- [What you should do]:
Once you find the line below that contains "8. Hur upplever", write it out along with every later line exactly as given, stopping only when the records end. Omit the pictures.

- [Information shown]:
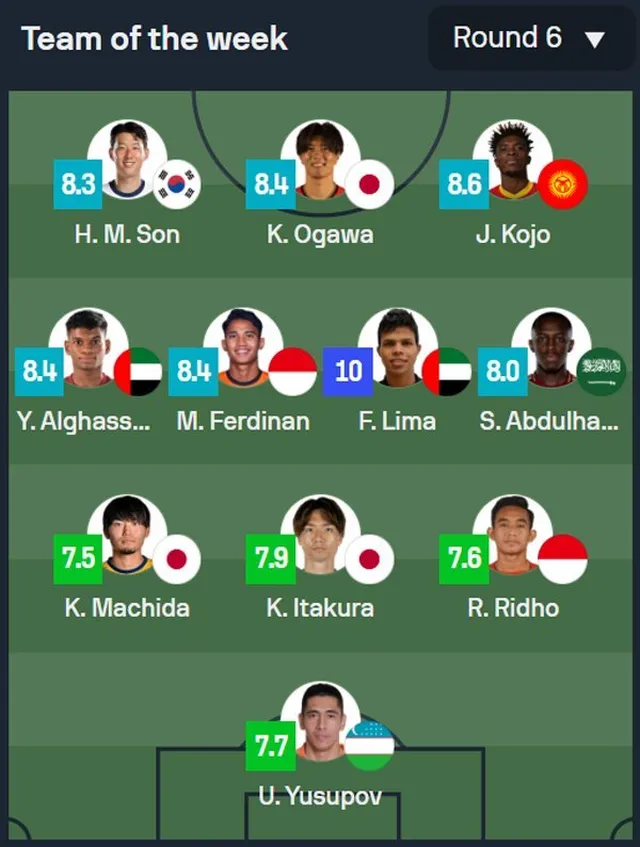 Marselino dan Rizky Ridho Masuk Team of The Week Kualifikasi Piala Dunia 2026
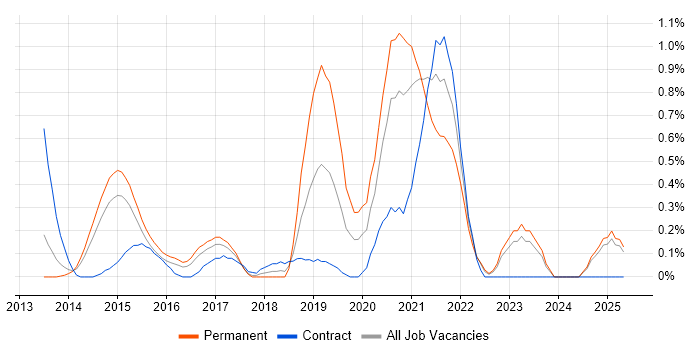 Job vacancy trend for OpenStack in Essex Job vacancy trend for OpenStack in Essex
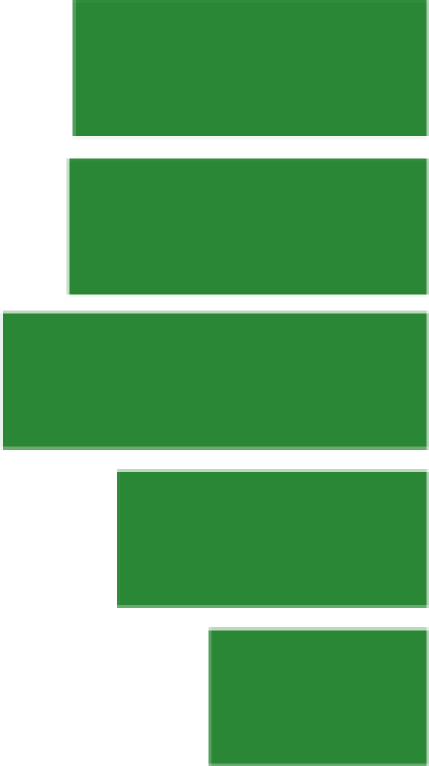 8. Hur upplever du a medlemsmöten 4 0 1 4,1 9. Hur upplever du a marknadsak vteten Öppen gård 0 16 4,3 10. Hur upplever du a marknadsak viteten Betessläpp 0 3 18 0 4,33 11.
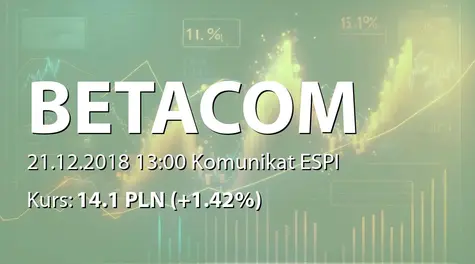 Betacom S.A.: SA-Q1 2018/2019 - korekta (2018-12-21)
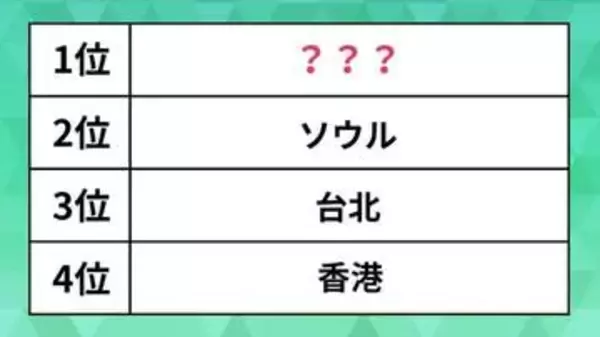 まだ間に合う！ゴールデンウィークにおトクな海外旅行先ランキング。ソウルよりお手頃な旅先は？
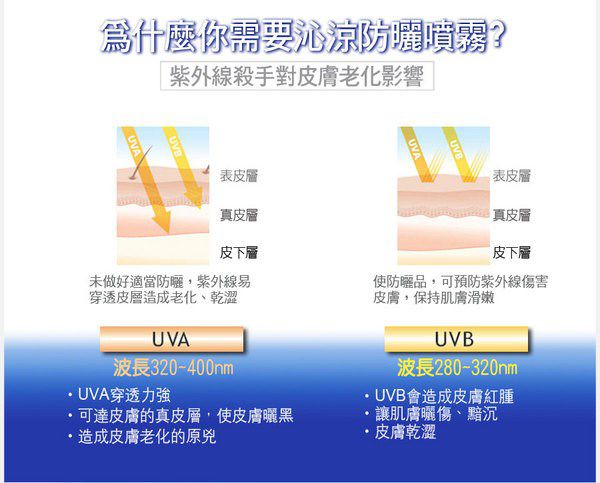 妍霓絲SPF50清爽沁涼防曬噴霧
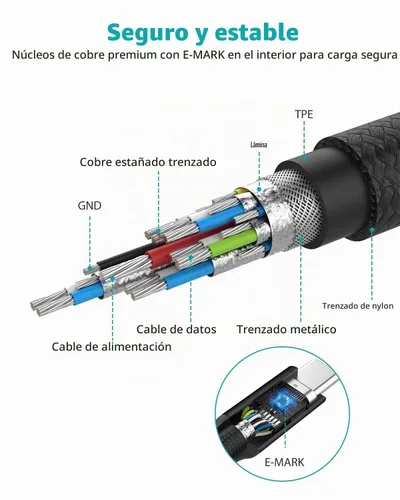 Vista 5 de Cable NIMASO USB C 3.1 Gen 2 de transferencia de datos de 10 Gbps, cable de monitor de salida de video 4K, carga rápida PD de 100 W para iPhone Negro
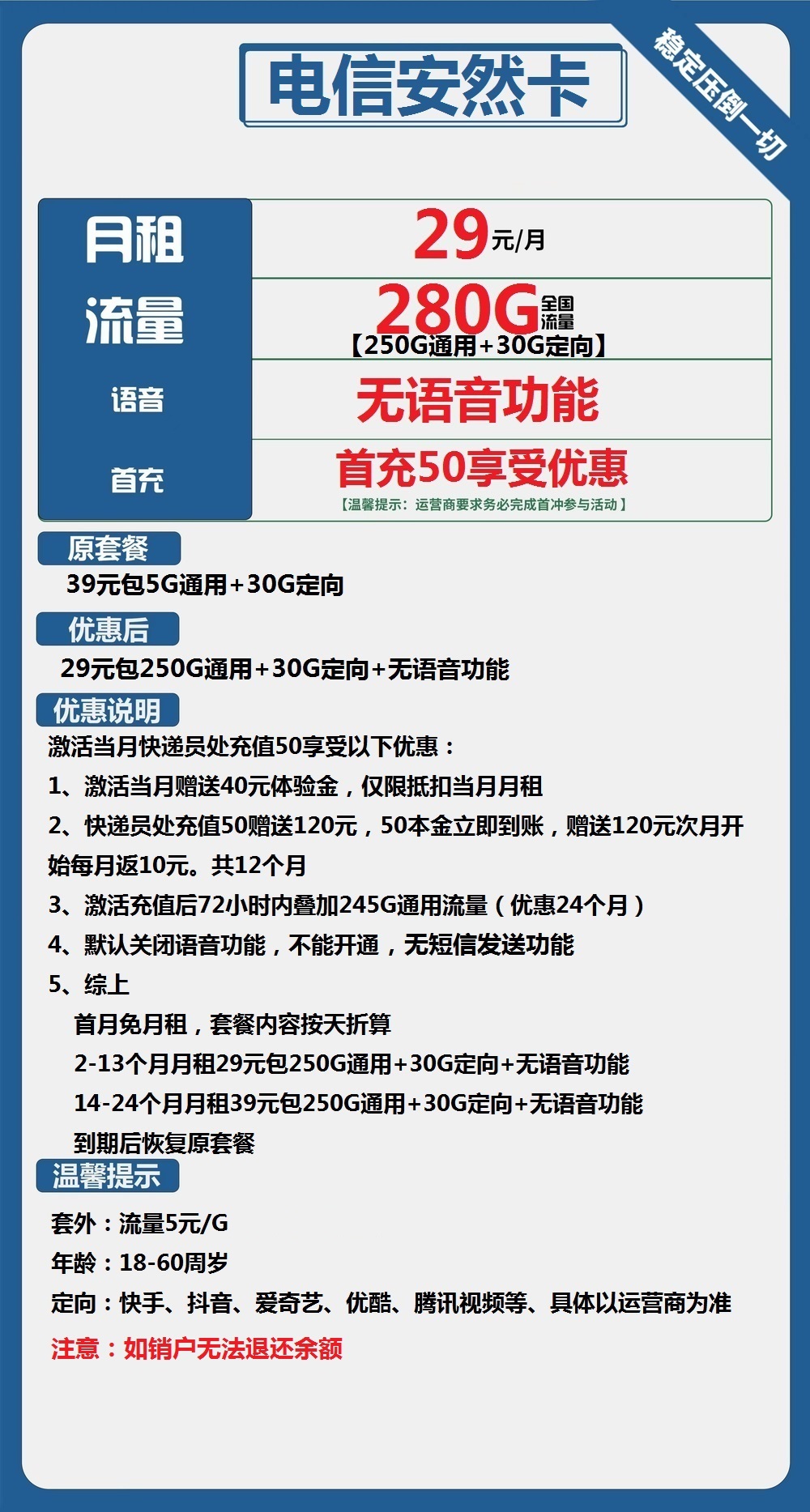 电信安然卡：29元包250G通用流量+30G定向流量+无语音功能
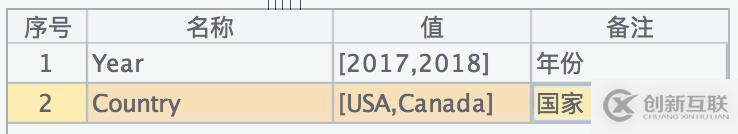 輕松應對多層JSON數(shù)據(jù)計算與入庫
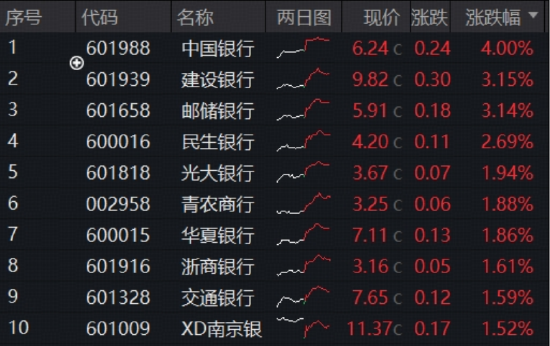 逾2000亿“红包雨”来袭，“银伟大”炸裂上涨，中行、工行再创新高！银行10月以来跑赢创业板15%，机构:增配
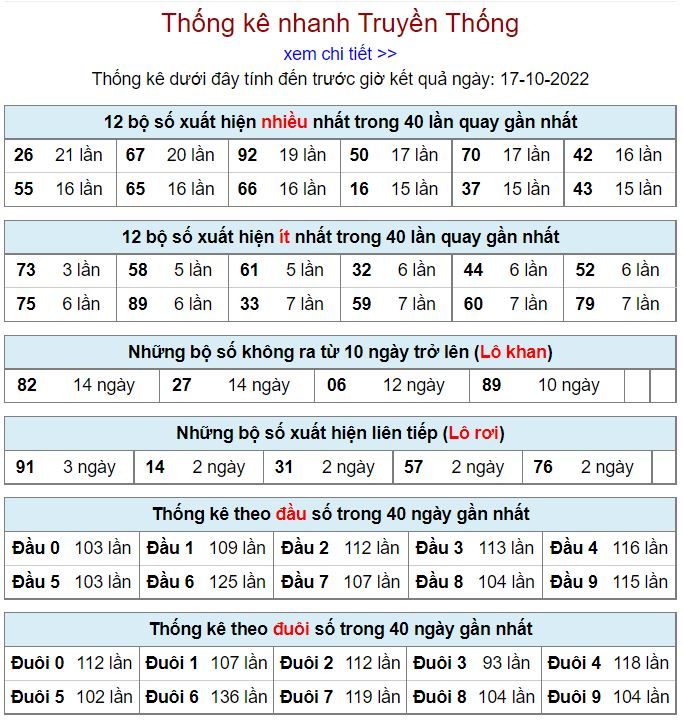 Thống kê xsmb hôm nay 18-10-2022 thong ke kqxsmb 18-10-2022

- [Problem solution]:
 8. Hur upplever du a medlemsmöten 4 0 1 4,1 9. Hur upplever du a marknadsak vteten Öppen gård 0 16 4,3 10. Hur upplever du a marknadsak viteten Betessläpp 0 3 18 0 4,33 11.
 Betacom S.A.: SA-Q1 2018/2019 - korekta (2018-12-21)
 まだ間に合う！ゴールデンウィークにおトクな海外旅行先ランキング。ソウルよりお手頃な旅先は？
 妍霓絲SPF50清爽沁涼防曬噴霧
 Vista 5 de Cable NIMASO USB C 3.1 Gen 2 de transferencia de datos de 10 Gbps, cable de monitor de salida de video 4K, carga rápida PD de 100 W para iPhone Negro
 电信安然卡：29元包250G通用流量+30G定向流量+无语音功能
 輕松應對多層JSON數(shù)據(jù)計算與入庫
 逾2000亿“红包雨”来袭，“银伟大”炸裂上涨，中行、工行再创新高！银行10月以来跑赢创业板15%，机构:增配
 Thống kê xsmb hôm nay 18-10-2022 thong ke kqxsmb 18-10-2022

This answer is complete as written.